*** DATA FOR THIS EXERCISE Section Begins ***
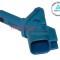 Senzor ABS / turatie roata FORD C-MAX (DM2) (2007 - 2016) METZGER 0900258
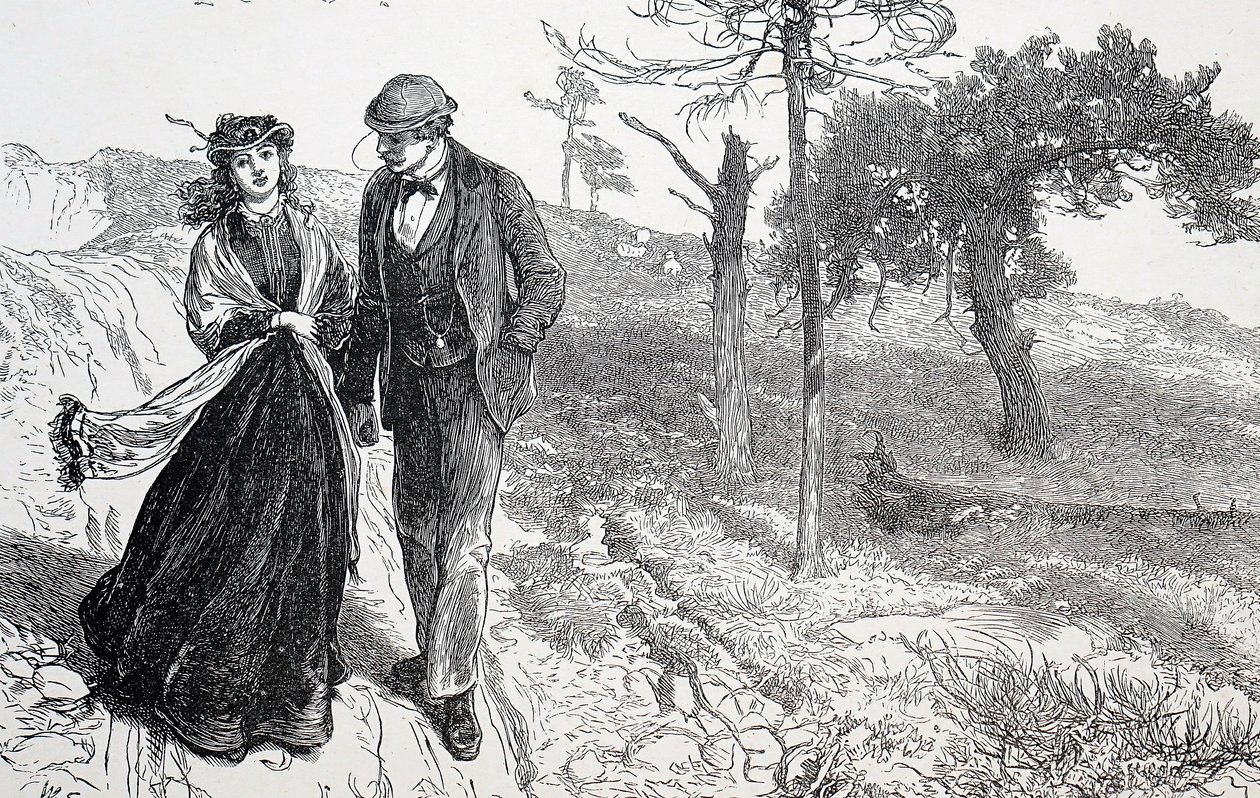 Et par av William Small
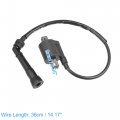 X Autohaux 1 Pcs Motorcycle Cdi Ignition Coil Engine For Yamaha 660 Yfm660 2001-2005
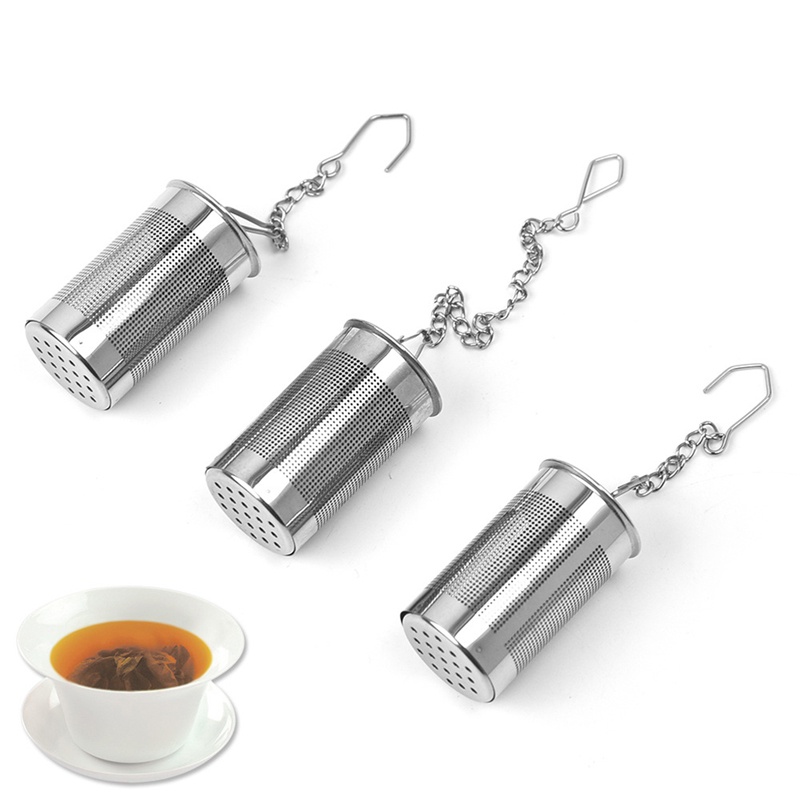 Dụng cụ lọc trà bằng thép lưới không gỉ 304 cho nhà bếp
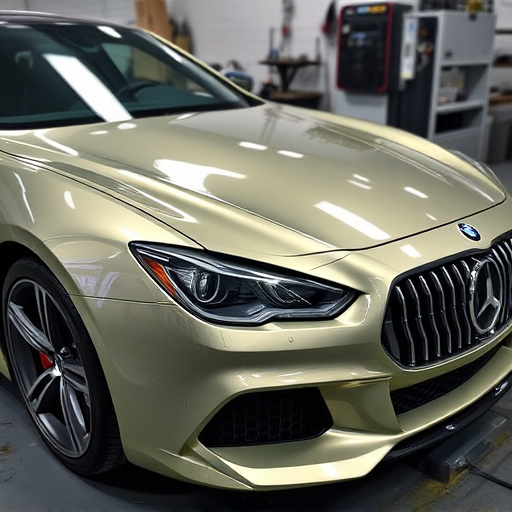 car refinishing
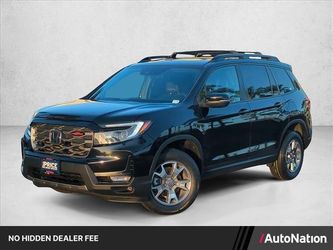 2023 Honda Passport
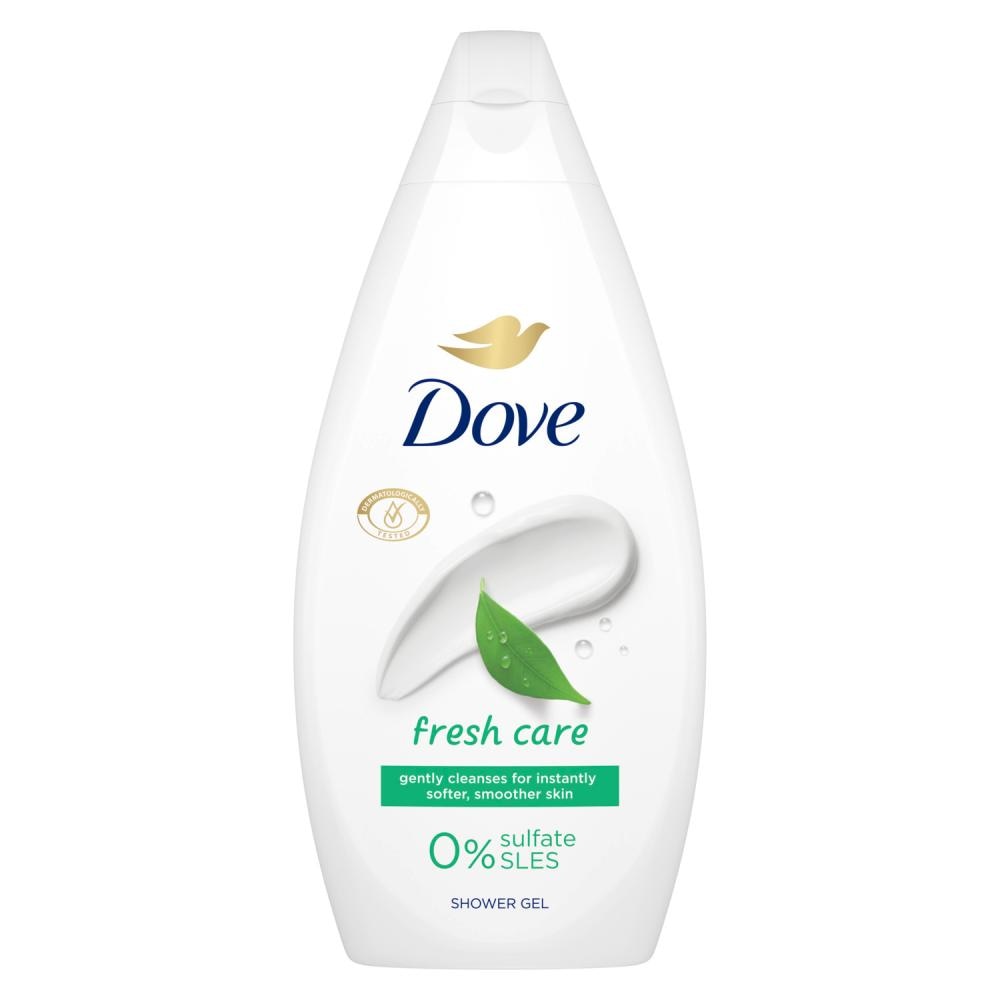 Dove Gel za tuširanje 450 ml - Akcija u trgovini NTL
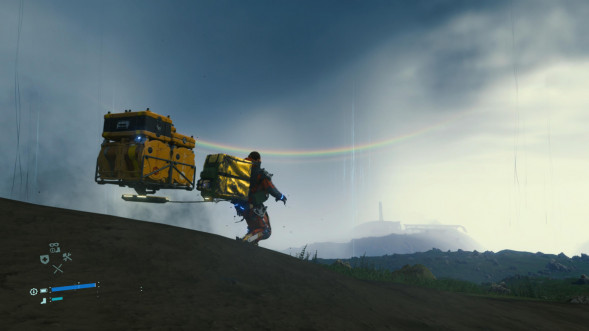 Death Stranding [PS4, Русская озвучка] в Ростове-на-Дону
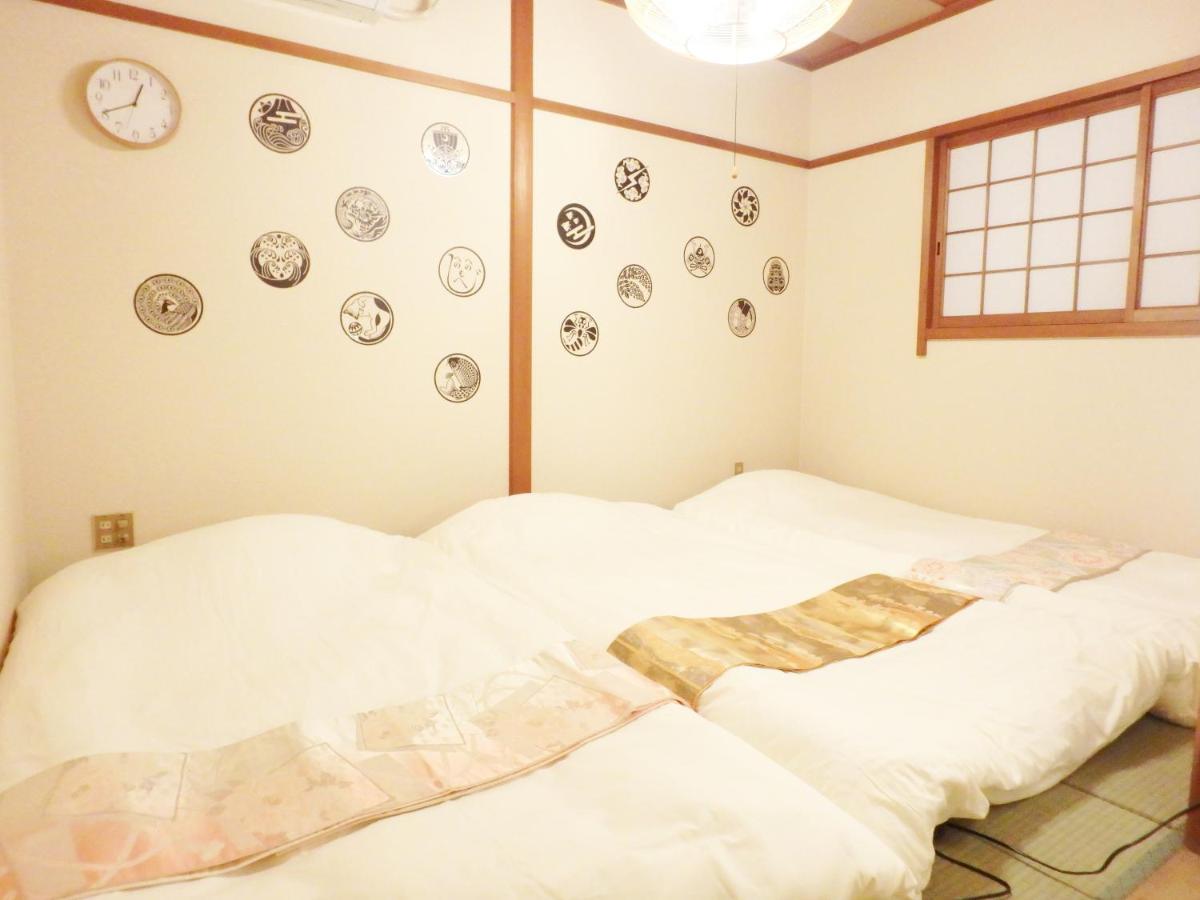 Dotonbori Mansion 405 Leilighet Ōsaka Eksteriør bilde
*** DATA FOR THIS EXERCISE Section Ends ***
- TASK STATEMENT: Output every entry above exactly, minus the pictures.

- ANSWER FOR THIS EXERCISE:
 Senzor ABS / turatie roata FORD C-MAX (DM2) (2007 - 2016) METZGER 0900258
 Et par av William Small
 X Autohaux 1 Pcs Motorcycle Cdi Ignition Coil Engine For Yamaha 660 Yfm660 2001-2005
 Dụng cụ lọc trà bằng thép lưới không gỉ 304 cho nhà bếp
 car refinishing
 2023 Honda Passport
 Dove Gel za tuširanje 450 ml - Akcija u trgovini NTL
 Death Stranding [PS4, Русская озвучка] в Ростове-на-Дону
 Dotonbori Mansion 405 Leilighet Ōsaka Eksteriør bilde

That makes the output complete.